Week Three – Voices from Bakhita House

This week we have ‘witness statements’; the first one is from a parishioner who is a physician who works at Massachusetts General Hospital, and volunteers at the MGH/Freedom Clinic one day/week. The MGH Freedom Clinic was launched in April, 2015 to care for victims and survivors of human trafficking in the Boston area. The Clinic offers free primary and preventative care for victims and survivors of human trafficking ages 13 years and older.

“I have been privileged to meet the residents of Bakhita house as patients. Through my work as a primary care physician at the MGH Freedom clinic I see many young women who have found refuge at Bakhita house. Their feelings are a mix of fear and relief. For some they have come straight off the streets – extracted from the hands of an abusing trafficker. For others – they have been saved from servitude in a job they were never paid for and worked 7 days a week. All are damaged. They have a deep mistrust in the health system because often times they may have been seen by a nurse or doctor who failed to see the signs that they were victimized.”

“One young woman had come to the US to work as a nanny. She had her passport taken away as soon as she arrived and the host family neglected to pay her, for months. She worked 14 hour days and was given no time off. She had hoped to make some money to send home to her family in the Philippines, but was unable to even communicate with them as her phone was taken away too. Thanks to her own savvy – this young woman called the Human Trafficking hotline (1-888-373-7888) and was freed. She stayed at Bakhita House where the nuns provided a loving home while she healed from her ordeal.
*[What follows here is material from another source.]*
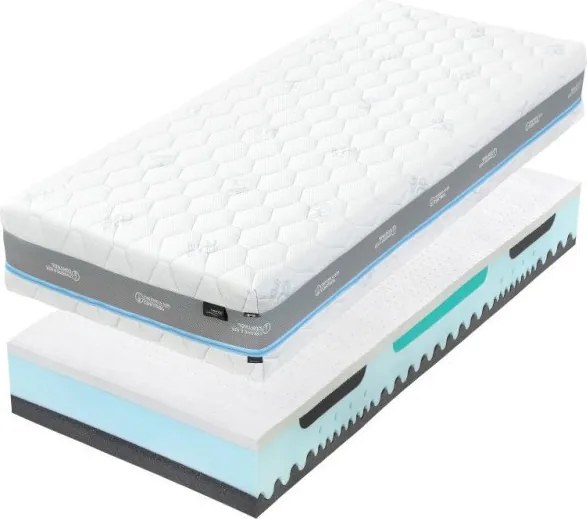 Tropico Tropico Alpinie Blue Air Rozmery 140x200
She is now living in her own apartment, working a paying job, and sending money home to her family.”

“Another young woman, a New England native, was part of a forced prostitution ring. She was freed thanks to local law enforcement cracking the case and was brought to Bakhita House. She is still fragile. Her past life included opioid addiction and she is now trying to leave that behind. I work with wonderful counselors who also help these women recover from their trauma. The journey to recovery is long.”

“I treat sore throats and asthma flares, nightmares and addiction, and have learned volumes about the vulnerabilities and needs of this special population, all from the survivors themselves. I am continually impressed by their grace and strength. For many, faith plays a role in the ongoing hope. As one survivor writes: ‘To Love is to Believe. May we so love as to believe!'”

The second statement is from a guest at the Bakhita House. It attests to the unique ambiance of the house, created by the wonderful sisters who provide 24/7 coverage at the house, every day of the year.

“The Bakhita safe house is a one of a kind, as are the women who run it. They can be tough as nails and yet offer a soft place to land. They are well prepared for the challenge of working with girls like us: the ups and the downs that we go through are challenging! Some days we can be angry and defensive and some days we just need a shoulder to cry on; some days we want to run away or give up. When I moved in, they made me realize I was now a part of something – I became like family to them. When I need something they are a phone call away.”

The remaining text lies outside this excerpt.